# how many times?



## anni (Nov 27, 2006)

how many times do i have to clean my rats, there both girls and are starting to smell, there 9-10 week old? i havent actually bathed them yet.


----------



## Star (Jun 4, 2006)

Washing all bedding and cleaning up the shelfs of the cage between full cleanings, can help keep the smell down. Also there are pet wipes for animal fur or maybe just baby wipes(?) that you can use to freshen them up between cleanings. 
I don't like to spray my girls with freshener spray, but I do spray their hammocks and floor coverings. But we also use bi-oder so the smell is very min.


----------



## fallinstar (Nov 26, 2006)

i bath my rats every other month, the month inbetween i use rat wipes once a month. i clean their cages every 2 to 3 days but they are still stinky little boys lol!


----------



## JennieLove (Jan 2, 2007)

I clean my cage 1-2 times a week and give them a bath 1-2 times a month. Boys are very stinky I agree! LoL


----------



## FalconStorm (Nov 28, 2006)

My rats clean themselves just fine. Certainly, there is a scent to them and their cage, but it doesn't stink, it's just part of them. It only starts to smell when the litter needs changing, so I change it. Other than that...they smell like rats, which I think is a rather pleasant smell.

But, then, I don't mind ferret smell either. I don't adore it, but it's just the smell of ferrets. Puppy breath bothers me for some reason, though...


----------



## Andrea (Nov 29, 2006)

I have never bathed a rat yet. Mine also clean them sleves fine and just have a normal rat smell to them which to me doesnt stink horrible.


----------



## rcropper (Dec 31, 2006)

I also have never bathed a rat. I have never bathed a cat either. Both tend to clean themselves rather well on their own.

The smell issues have never been the rat, but rather the cage. Once a week I completely wash the cage with a soapy dish sponge. Rinse thoroughly of course.
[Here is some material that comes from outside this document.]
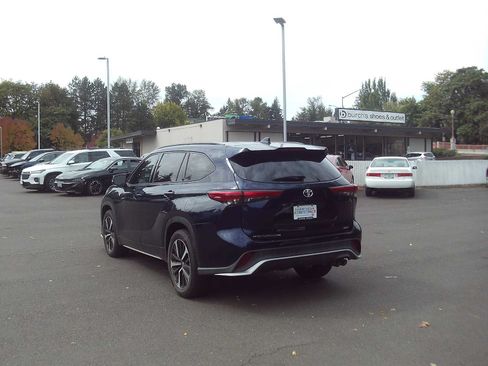 Used 2021 Toyota Highlander XSE FWD image 3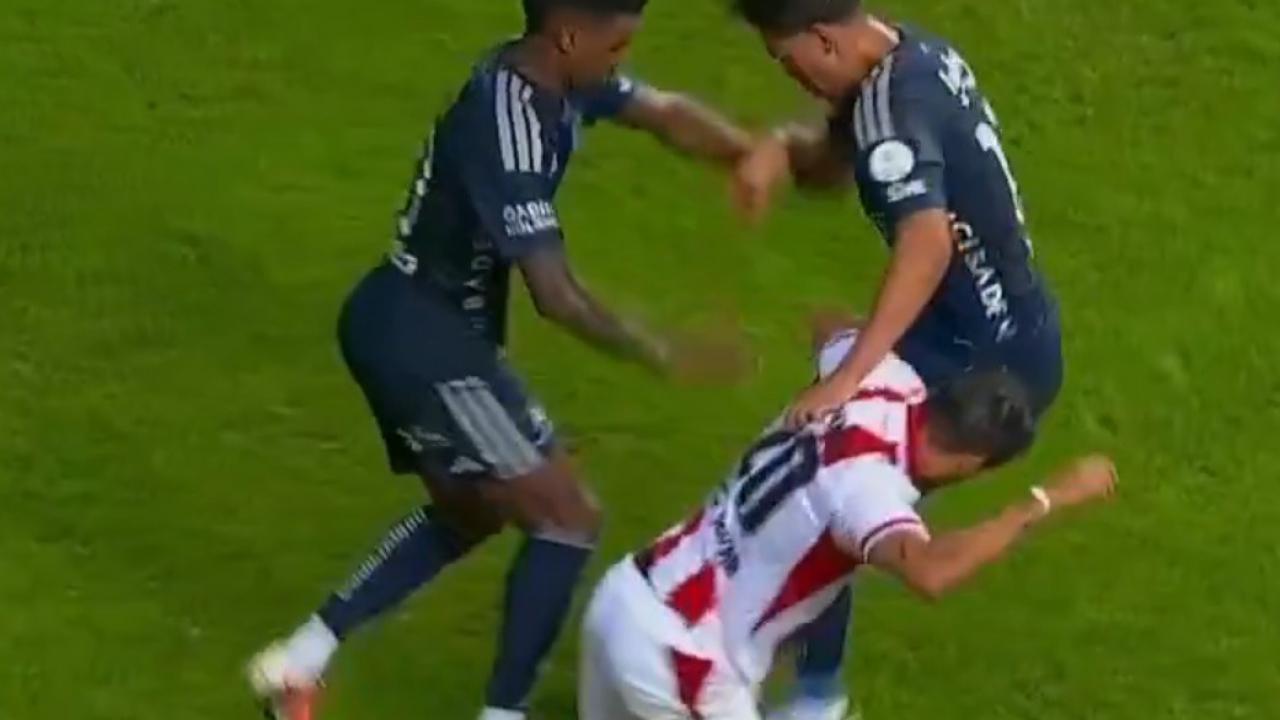 Samsun'da skandal pozisyonlar! Penaltı ve kırmızı kart itirazları var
I've also found that aspen works better for making the rat smell pleasent. It doesn't smell like dirty newspaper and pee like the carefresh stuff does. And the kiln dried aspen is plenty absorbent if you change it once a week. Cheaper, and better looking IMO too.

Rick


----------



## Holly (Dec 31, 2006)

I bathe Gregor very infrequently, because he hates it. Still, every once in awhile, he'll accumulate too much dust/dirt/lipstick on his fur, so into the bath he'll go.
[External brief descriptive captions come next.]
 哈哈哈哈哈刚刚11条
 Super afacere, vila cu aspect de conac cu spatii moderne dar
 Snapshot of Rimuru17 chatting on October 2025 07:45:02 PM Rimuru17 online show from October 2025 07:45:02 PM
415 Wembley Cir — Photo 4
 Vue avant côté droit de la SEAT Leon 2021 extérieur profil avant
I never place him near running water, because it frightens him. We use some gentle pet shampoo, and a bowl of warm water.
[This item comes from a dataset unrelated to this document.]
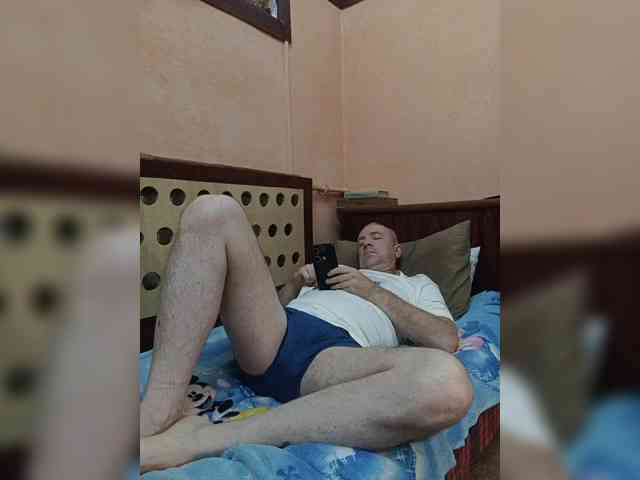Aleksg Aleksg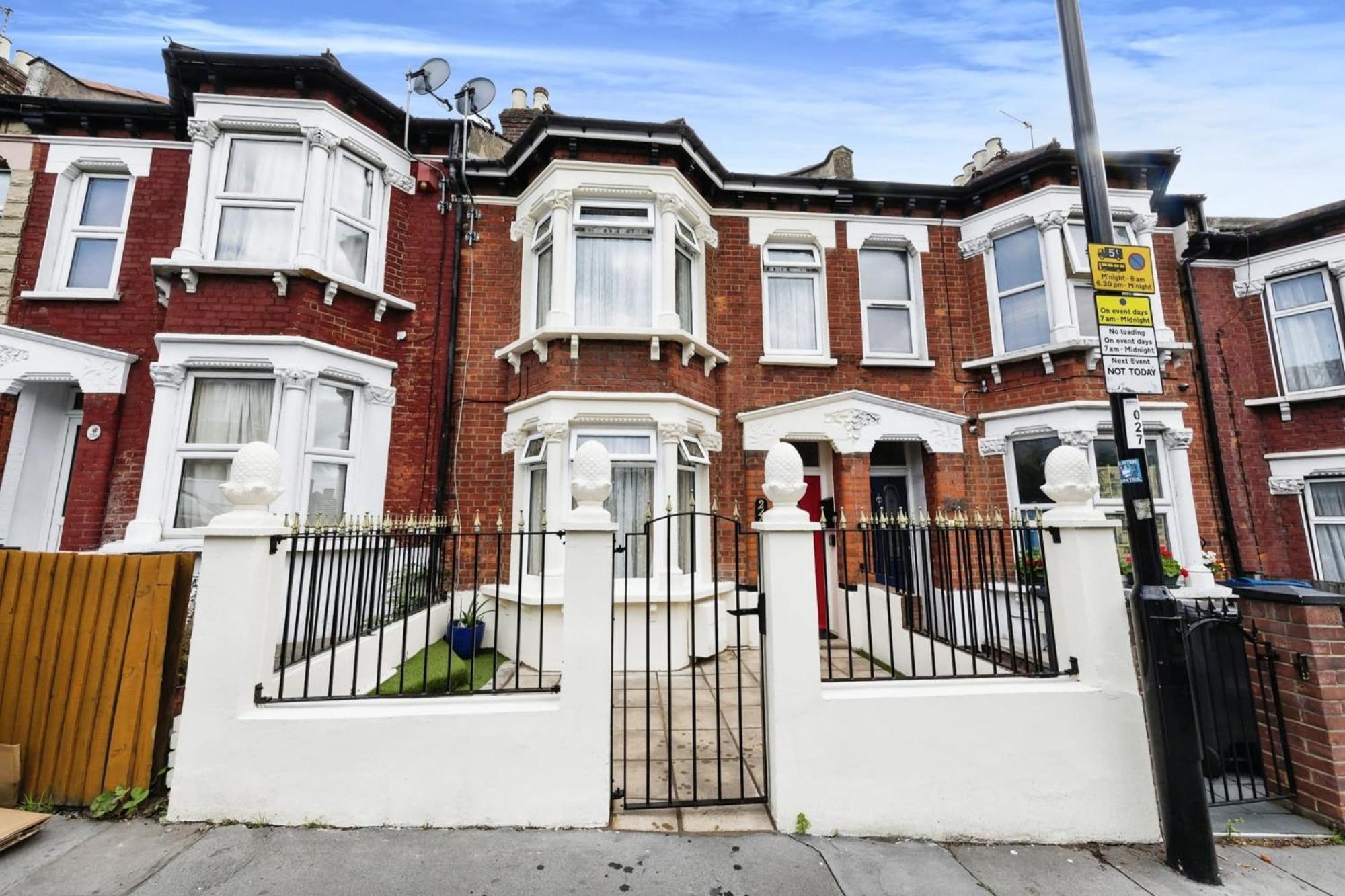 Holiday home Your Chic 3br Comfort And Style In *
He is ~afraid~ of towels, so I can't help to dry him, much...just keep him warm and with me as he dries.

If you bathe, pay particular attention to the tail. Rats don't tend to groom their own tails.

If it's not too bad, I use a spray-cleaner that works rather well.

When I first got Gregor, I noticed that he smelled exactly like Graham Crackers. After the bath and the dry, smell your rat, and figure out what his smell ~really~ is. I'll bet it will be pleasant. (Some people think that Rats smell like grape juice.)


----------